TASK INSTRUCTIONS
Could you repeat every line below exactly, skipping the images?

DATA TO EXAMINE
BEGIN
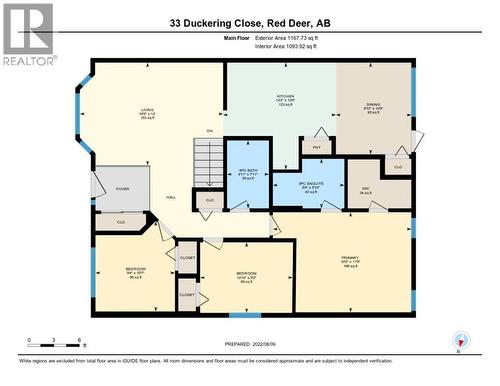 33 Duckering Close, Red Deer, AB - Other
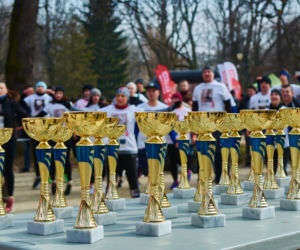 Bieg Tropem Wilczym w Lublinie. Sportowa rywalizacja z historią w tle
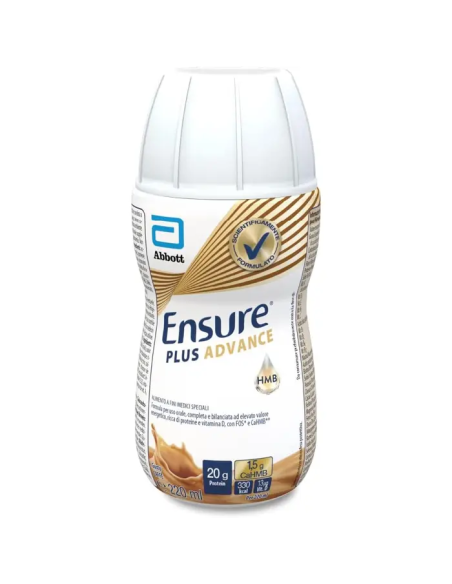 Ensure Plus Café 24x220 ml | Nutrición Completa y Deliciosa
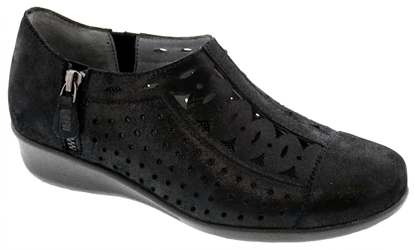 Drew Shoes Metro 14794 Women's Casual Shoe : Orthopedic : Diabetic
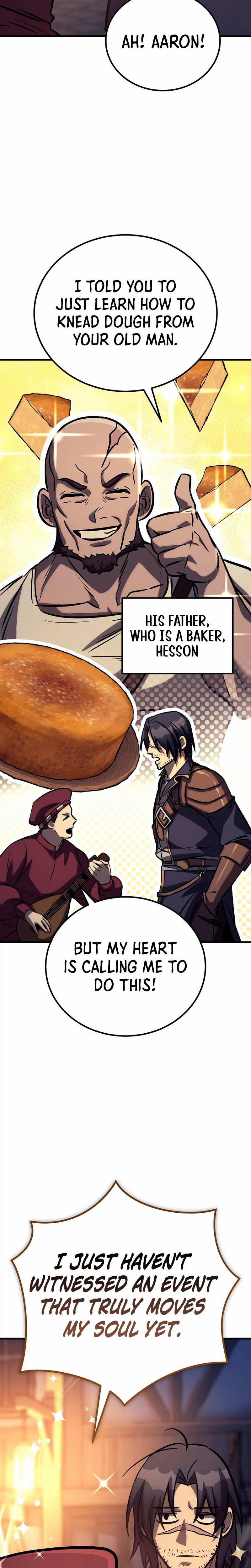A Rogue Guard in a Medieval Fantasy Chapter 33 Page 5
END
TASK SOLUTION
 33 Duckering Close, Red Deer, AB - Other
 Bieg Tropem Wilczym w Lublinie. Sportowa rywalizacja z historią w tle
 Ensure Plus Café 24x220 ml | Nutrición Completa y Deliciosa
 Drew Shoes Metro 14794 Women's Casual Shoe : Orthopedic : Diabetic
A Rogue Guard in a Medieval Fantasy Chapter 33 Page 5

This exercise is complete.